▶ [TASK DESCRIPTION] Give the line with "GLP1243 Baby Girls" again, along with every line below it to the end of the records, word for word.

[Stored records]
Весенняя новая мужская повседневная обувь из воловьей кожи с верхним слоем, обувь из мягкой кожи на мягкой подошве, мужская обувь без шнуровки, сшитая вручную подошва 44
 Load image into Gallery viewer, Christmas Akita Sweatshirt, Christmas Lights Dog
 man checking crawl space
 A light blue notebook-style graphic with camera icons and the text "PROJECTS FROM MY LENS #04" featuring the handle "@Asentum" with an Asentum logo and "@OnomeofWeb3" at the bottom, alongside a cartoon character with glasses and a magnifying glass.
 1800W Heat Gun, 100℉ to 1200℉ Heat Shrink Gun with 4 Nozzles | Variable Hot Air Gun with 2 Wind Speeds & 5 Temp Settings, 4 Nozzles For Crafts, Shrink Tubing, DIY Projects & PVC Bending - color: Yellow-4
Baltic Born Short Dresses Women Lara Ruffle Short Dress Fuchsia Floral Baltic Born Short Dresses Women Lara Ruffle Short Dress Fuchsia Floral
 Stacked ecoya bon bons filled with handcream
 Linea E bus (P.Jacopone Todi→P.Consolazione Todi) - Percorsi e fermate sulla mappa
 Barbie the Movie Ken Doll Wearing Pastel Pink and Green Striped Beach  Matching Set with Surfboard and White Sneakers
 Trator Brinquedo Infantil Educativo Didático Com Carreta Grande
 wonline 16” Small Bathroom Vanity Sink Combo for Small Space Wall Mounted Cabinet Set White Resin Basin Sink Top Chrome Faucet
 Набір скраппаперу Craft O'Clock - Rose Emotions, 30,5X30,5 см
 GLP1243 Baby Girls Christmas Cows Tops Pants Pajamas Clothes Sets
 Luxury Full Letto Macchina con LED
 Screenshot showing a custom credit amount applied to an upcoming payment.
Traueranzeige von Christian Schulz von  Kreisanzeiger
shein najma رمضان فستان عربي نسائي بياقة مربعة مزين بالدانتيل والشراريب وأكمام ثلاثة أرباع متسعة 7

▶ [RESPONSE TO THIS TASK]
 GLP1243 Baby Girls Christmas Cows Tops Pants Pajamas Clothes Sets
 Luxury Full Letto Macchina con LED
 Screenshot showing a custom credit amount applied to an upcoming payment.
Traueranzeige von Christian Schulz von  Kreisanzeiger
shein najma رمضان فستان عربي نسائي بياقة مربعة مزين بالدانتيل والشراريب وأكمام ثلاثة أرباع متسعة 7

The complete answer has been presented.